Single Index vs. Multiple Indices

Hello,

What is better to use, a single index or multiple ones?
Which of the two gives a better performance in terms of searching?

Knowing that if I stored data in multiple indices, I will search only in one of these indices (based on the request).

Thanks in advance.

That is an impossible question to answer as it depends a lot on the use-case. You will in my opinion need to provide a lot more details if you want any useful feedback. The nest way to find out is however to test with real data and real queries.

I have multiple clients and I need to store their data separately, meaning that all search requests will be client-dependent.
What else do I need to provide you with?

How many clients are you expecting? Do you have control over the data format?

I expect like 10-20 clients.
I need to save posts which have the following:
Id, Title (string), Description (string), Url (string), Tags (list), Date, Terms (list), Type (string), Importance (int).

Please note that I'm only using one node of ElasticSearch (not a cluster of nodes).

Look, I found this on the website:
TIP: In order to reduce the number of indices and avoid large and sprawling mappings, consider storing data with similar structure in the same index rather than splitting into separate indices based on where the data comes from. It is important to find a good balance between the number of indices and the mapping size for each individual index.

So, probably it's better to have a single index. Is that correct?
That way, I'll save the client as a property of the post.

IMO it's a no brainier, store each client in a separate index. Since you'll never (or rarely) need to query across customers, putting them into separate indexies will boost query performance as you scale.
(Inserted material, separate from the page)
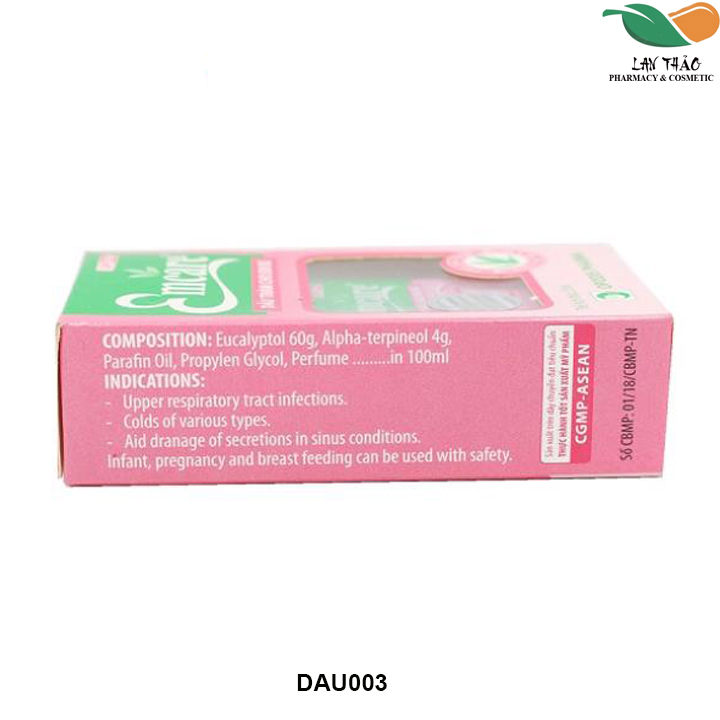 [HCM]Dầu tràm cho bé Emcare 25ml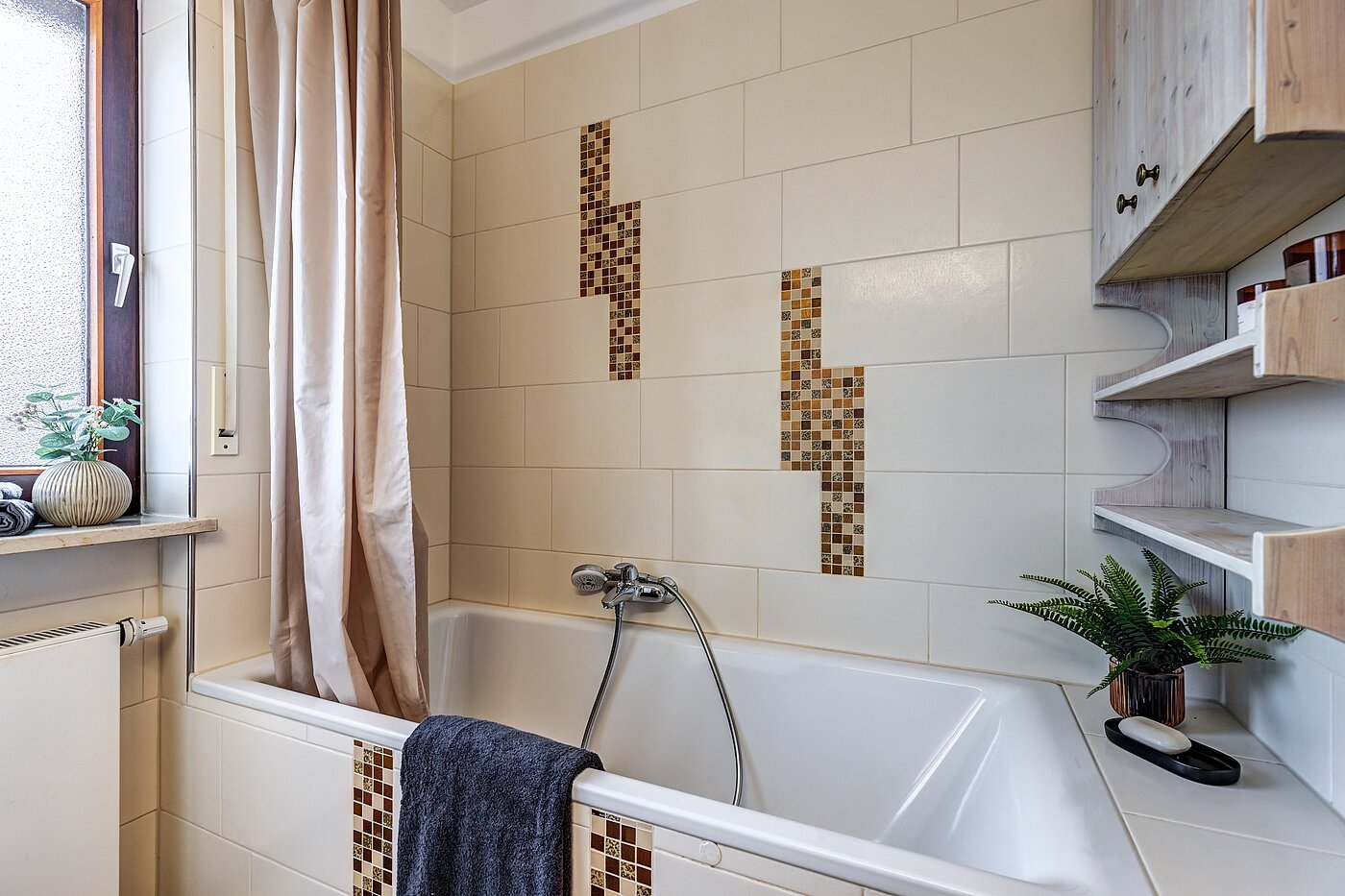 Appartamento a 3 camere | München-Trudering | 70481 | ...mit Badewanne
If you want more info about this, try reading up on how the lucene inverted indexies work. In a single index, all customers terms and text indexed together. In multi index, you're only searching over one customers data at a time.

If you do not expect the number of clients to grow significantly beyond that, having an index per customer could work, but I would recommend to reduce the number of primary shards to one (unless you have very large data volumes) for each Ione of them. You do want to avoid a lot of small shards as this can be very inefficient. The approach of setting a field per customer and store then all in a single index would also work as long as you can control the data format. This would be the preferred option if you were expecting to grow the number of clients significantly.

I see, actually I can't control the number of clients (they increase with time).
The data isn't too large, so If I'm going in the direction of using separate indices, I will probably use one shard as you've advised.
Concerning the other option (using a single index), what do you mean by controlling the data format?

This topic was automatically closed 28 days after the last reply. New replies are no longer allowed.